| Your assignment |
Every line from the one with "2019 TOYOTA CAMRY" to the end of the listing below must be printed exactly, with no other text and no pictures.

________________________________________

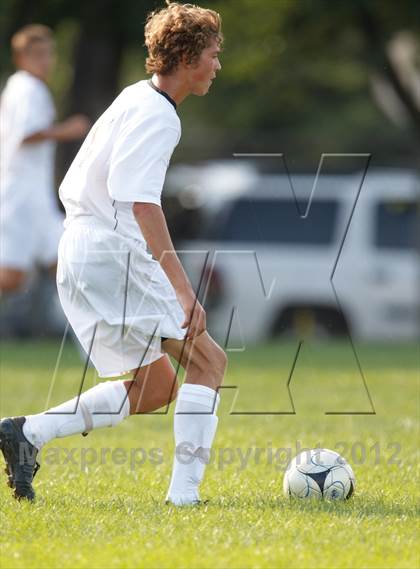 Thumbnail 3 in Metea Valley @ Hinsdale Central photogallery.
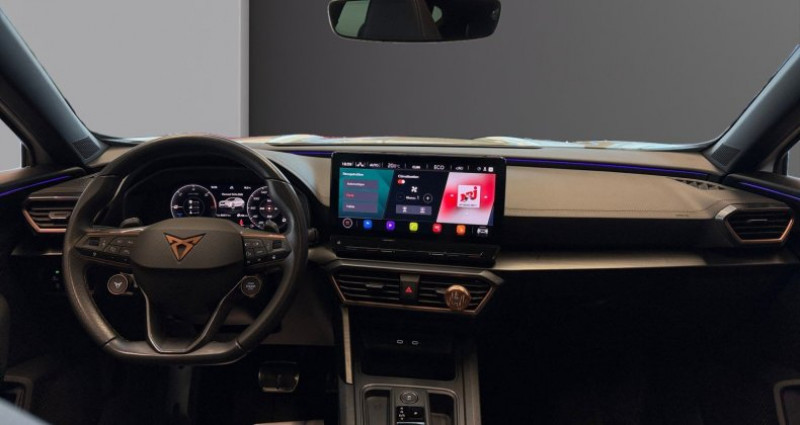 Cupra Formentor 1.4 e-HYBRID 245 ch DSG6 VZ - TOIT OUVRANT - MATRIX - CAMERA  occasion � Eschau - photo n�2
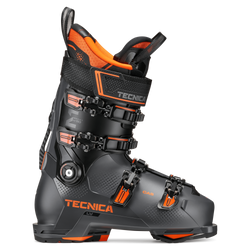 Ski boots TECNICA Mach1 LV 110 TD2 GW Race Grey - 2025/26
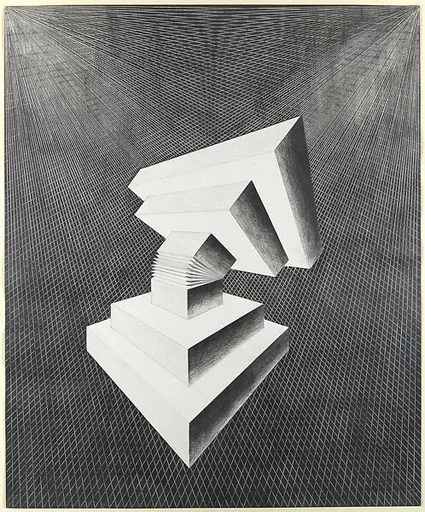 Untitled, J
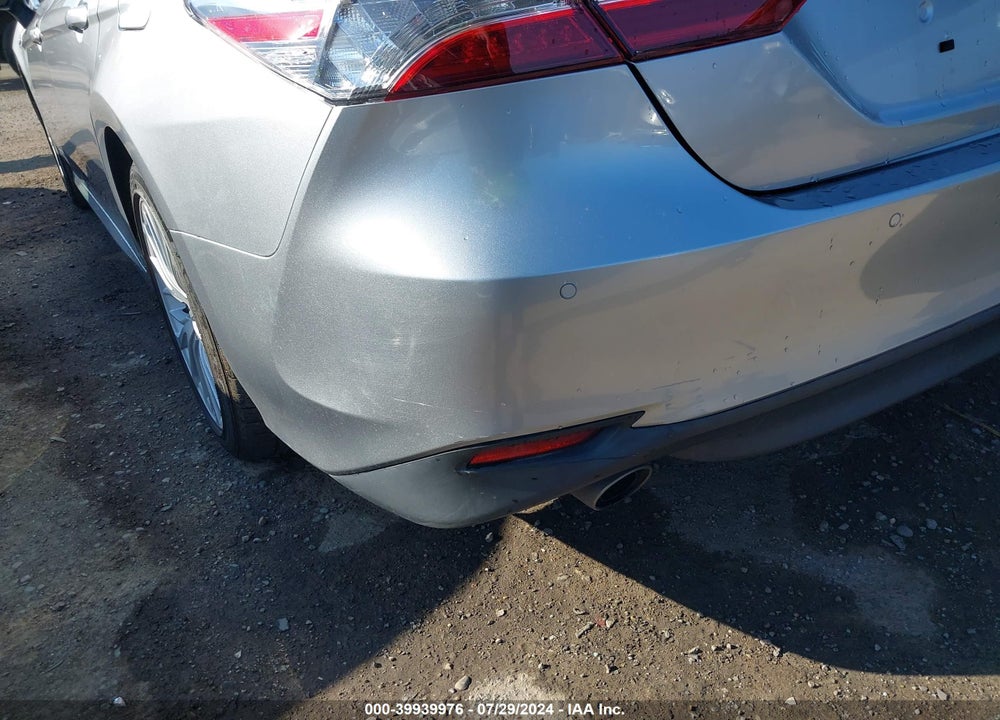 2019 TOYOTA CAMRY HYBRID XLE VIN: 4T1B21HK6KU516904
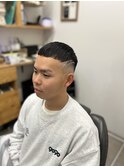 クロップ
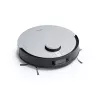 Ecovacs Deebot X1 Plus melns, pelēks
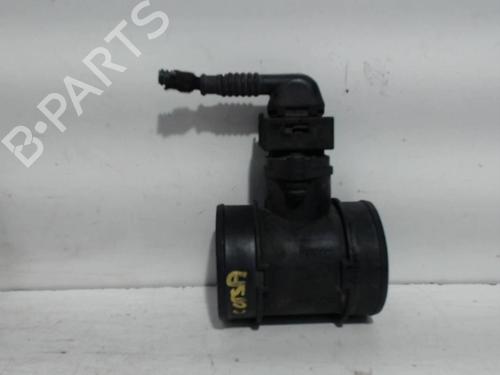 Mass air flow sensor OPEL CORSA C (X01) 1.7 DTI (F08, F68) | BP31233278M95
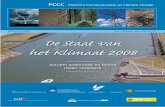 februari 2009 Een uitgave van het PCCC De Staat van het ...bibliotheek.knmi.nl/klimaatbrochures/staatvanhetklimaat2008.pdf · 2-emissies en koolstofcyclus 13 1.7 leren van het klimaat
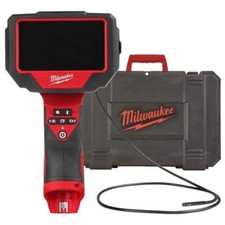 MILWAUKEE M12 Automotive Technician Borescope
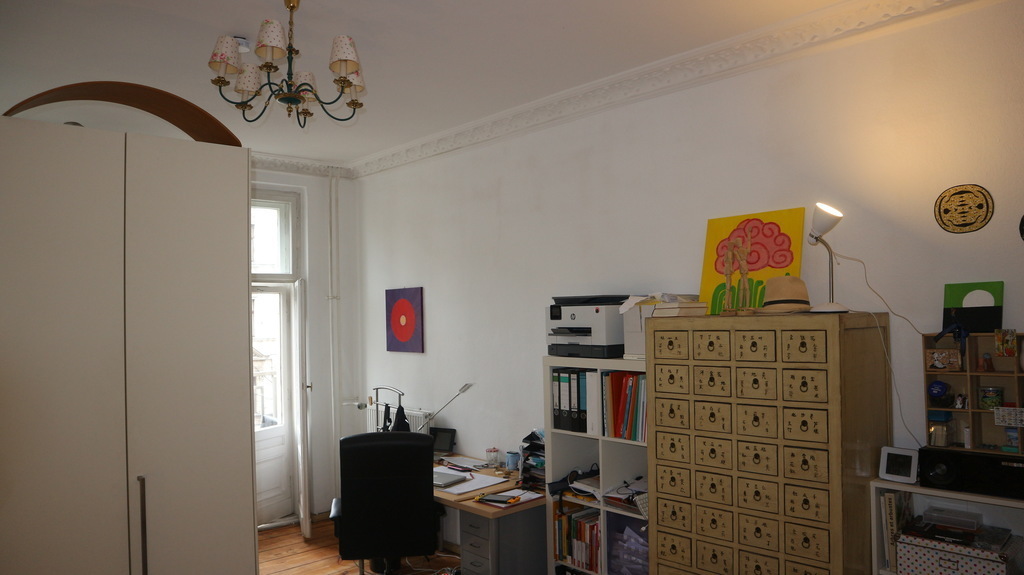 Juliette's and Stephan's 1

________________________________________

| Worked solution |
 2019 TOYOTA CAMRY HYBRID XLE VIN: 4T1B21HK6KU516904
 クロップ
 Ecovacs Deebot X1 Plus melns, pelēks
 Mass air flow sensor OPEL CORSA C (X01) 1.7 DTI (F08, F68) | BP31233278M95
 februari 2009 Een uitgave van het PCCC De Staat van het ...bibliotheek.knmi.nl/klimaatbrochures/staatvanhetklimaat2008.pdf · 2-emissies en koolstofcyclus 13 1.7 leren van het klimaat
 MILWAUKEE M12 Automotive Technician Borescope
 Juliette's and Stephan's 1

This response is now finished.